──────── Supplied material
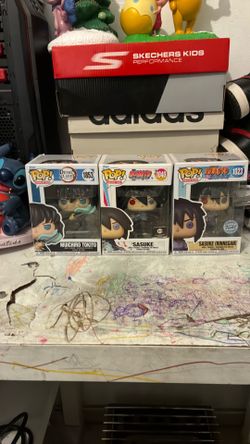 Anime Funko pops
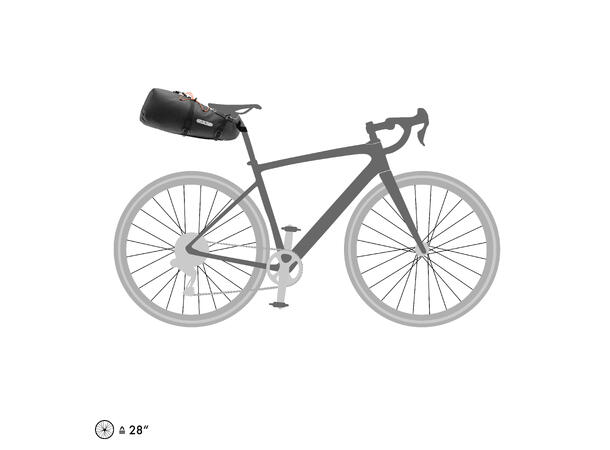 Ortlieb Seat-Pack QR ! black matt 13 L 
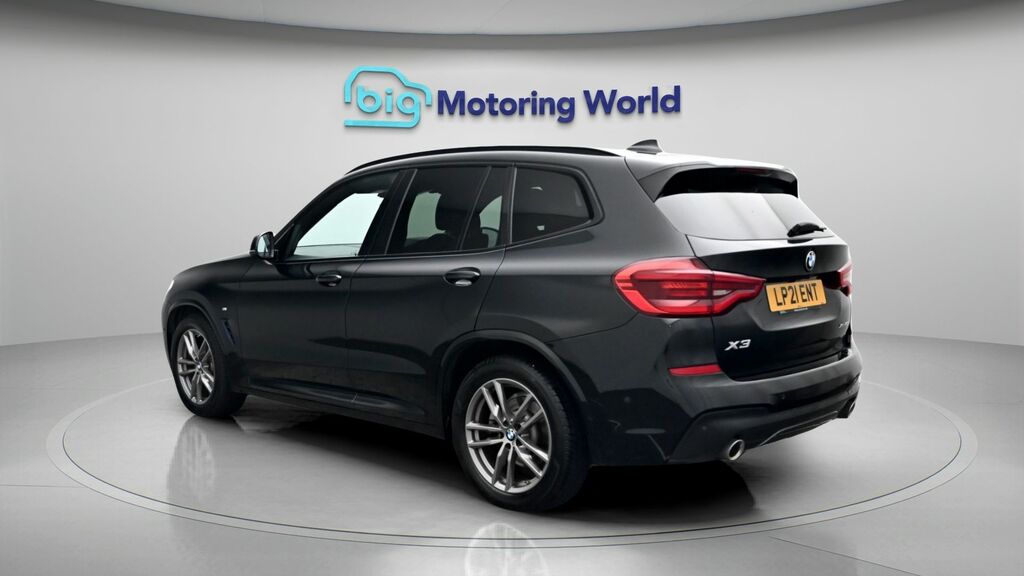 BMW X3 M M Sport Black #5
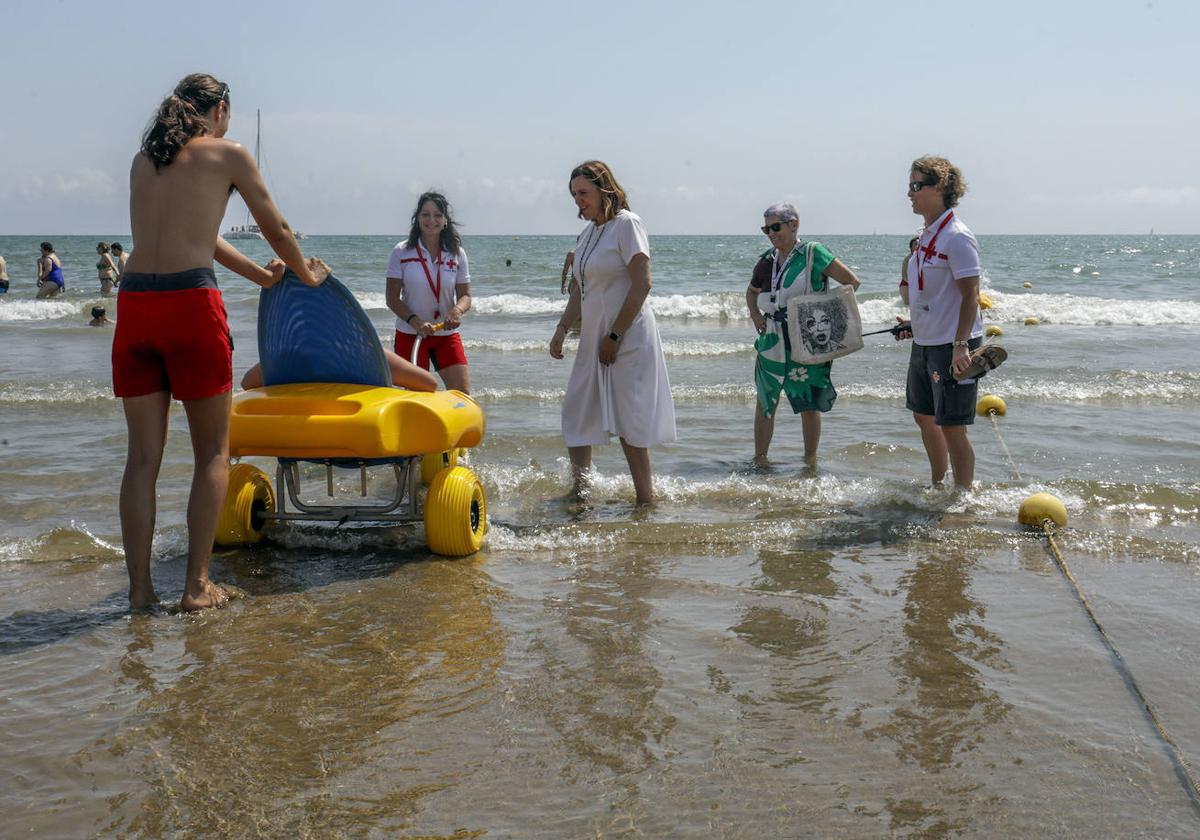 Una mesa técnica de Costas y el Ayuntamiento de Valencia estudiará las obras de las playas del sur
────────────────
- [Problem details]:
Look for the line that contains "Ortlieb Seat-Pack QR ! black matt 13 L", then please copy it and the rest of the lines through the end of the data, pictures excluded.

- [Solution]:
 Ortlieb Seat-Pack QR ! black matt 13 L 
 BMW X3 M M Sport Black #5
 Una mesa técnica de Costas y el Ayuntamiento de Valencia estudiará las obras de las playas del sur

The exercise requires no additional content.